Depending on its cell structure, the types of organelles it has, the kind of processes and metabolisms it carries out and the way in which it groups and / or interacts with other types of cells and with their environment, cells can be eukaryotic or prokaryotes, and in turn, animals, plants, fungi, protists, archaea or bacterial. You can find out the Parts of the plant cell or the Parts of the animal cell, you can do it by reading these Green Ecologist articles.

Eukaryotic cells are classified into animal cells, plant cells, fungal cells, and protist cells. Prokaryotic cells are classified into archaea cells and bacterial cells. Next, we will see some examples of organelles that make up these types of cells.

Organelles in eukaryotic cells

Eukaryotic cells make up eukaryotic organisms and are very more complex than prokaryotic cells. They are characterized by having a defined cell nucleus with envelope and nucleolus, in which the genetic material of the cell is contained. In addition, they have a great variety of organelles that are not present in prokaryotic cells, such as mitochondria, the Golgi apparatus, and endoplasmic reticulum.
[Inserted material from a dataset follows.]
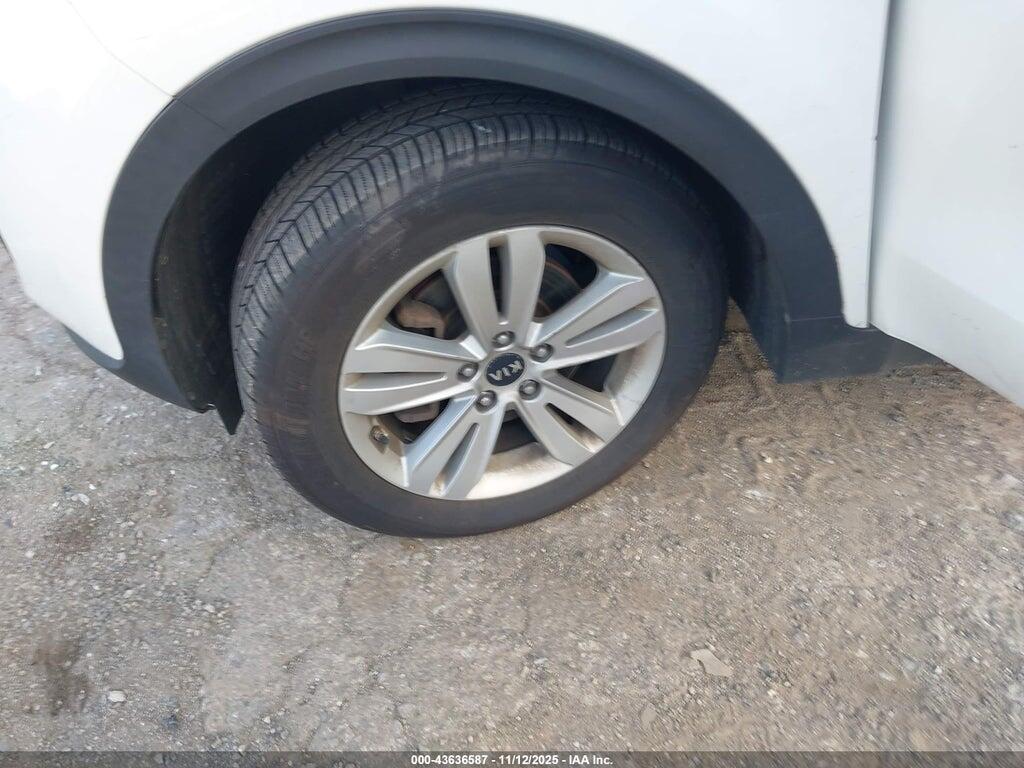 KNDPMCAC7H7261187 2017 KIA SPORTAGE photo no. 12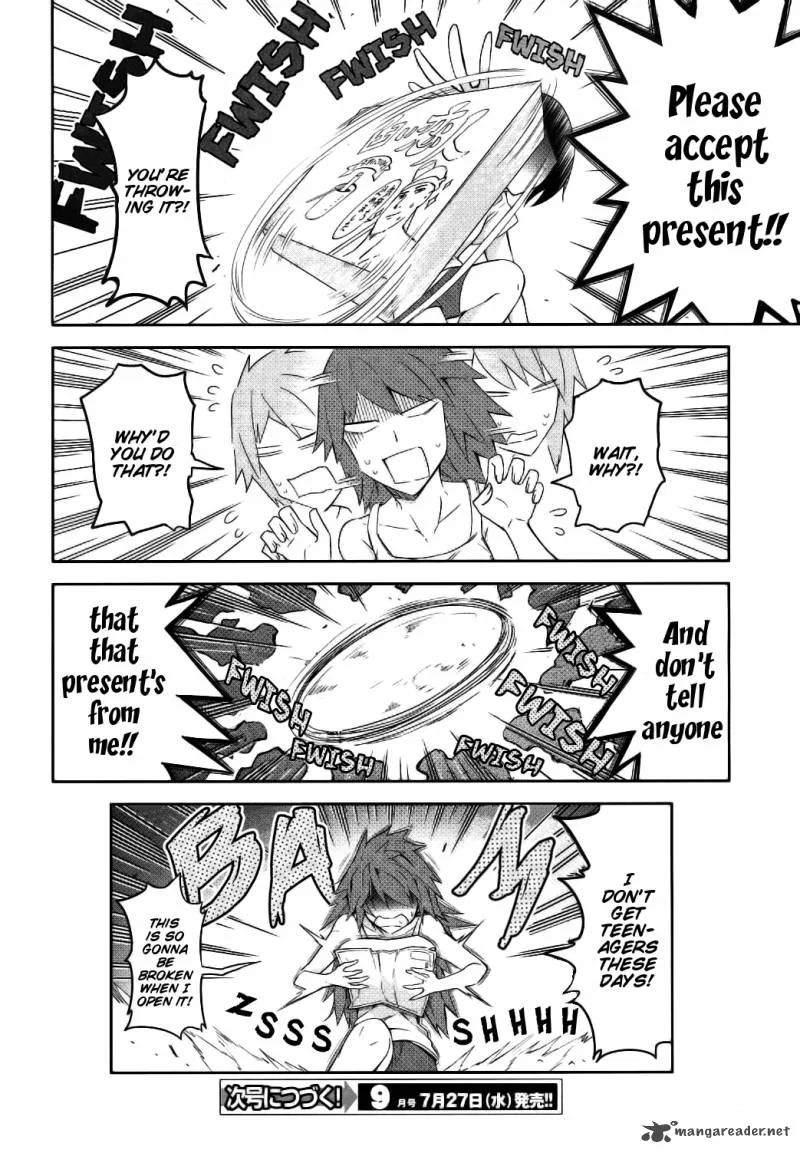 D-Frag Chapter 84 page 12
There are characteristic organelles of the animal cell, such as centrosomes, centrioles, lysosomes, acrosomes, and melanosomes. There are also characteristic organelles of the plant cell, such as the cell wall, chloroplasts, leukoplasts and chromoplasts.

In general, in eukaryotic cells we can find the following representative cell organelles:

  • Cell nucleus (with cell envelope and nucleolus).
  • Plasma or cytoplasmic membrane.
  • Ribosomes.
  • Mitochondria.
  • Vacuoles.
  • Golgi apparatus.
  • Smooth endoplasmic reticulum.
  • Rough endoplasmic reticulum.
  • Peroxisomes.
  • Centrosomes (in animal cells, fungi and in single-celled eukaryotic organisms).
  • Centrioles (in animal cells, fungal cells and in unicellular eukaryotic organisms).
  • Lysosomes (only in animal cells).
  • Cell wall (in plant, fungal and protist cells).
  • Chloroplasts (in plant cells and photosynthetic eukaryotes).
  • Leukoplasts (in plant cells and photosynthetic eukaryotes).
  • Chromoplasts (only in plant cells).

Some of the representative structures of eukaryotic cells that are commonly mistaken for organelles are the cytoskeleton, cytoplasm, cilia, and flagella. If you want to know more about these cells, do not hesitate to read the Similarities and differences between animal and plant cells.

Organelles in prokaryotic cells

Prokaryotic cells make up prokaryotic organisms and they are much simpler than eukaryotic cells. They are characterized by having their genetic material dispersed in their cytoplasm, in an area called the nucleoid. They have some organelles that are not present in eukaryotic cells, such as chlorosomes and gas vesicles.

In general, in prokaryotic cells we can find the following representative cell organelles:

  • Plasma or cytoplasmic membrane.
  • Ribosomes.
  • Gas vesicles.
  • Cellular wall.
  • Storage granules.
  • Chlorosomes (in some photosynthetic bacteria).

Some of the representative structures of prokaryotic cells that are commonly confused with organelles are: the cytoskeleton, the cytoplasm, the capsule, the plasmids, the carboxysomes, the phycobilisomes, the magnetosomes, the pilis, the cilia and the flagella.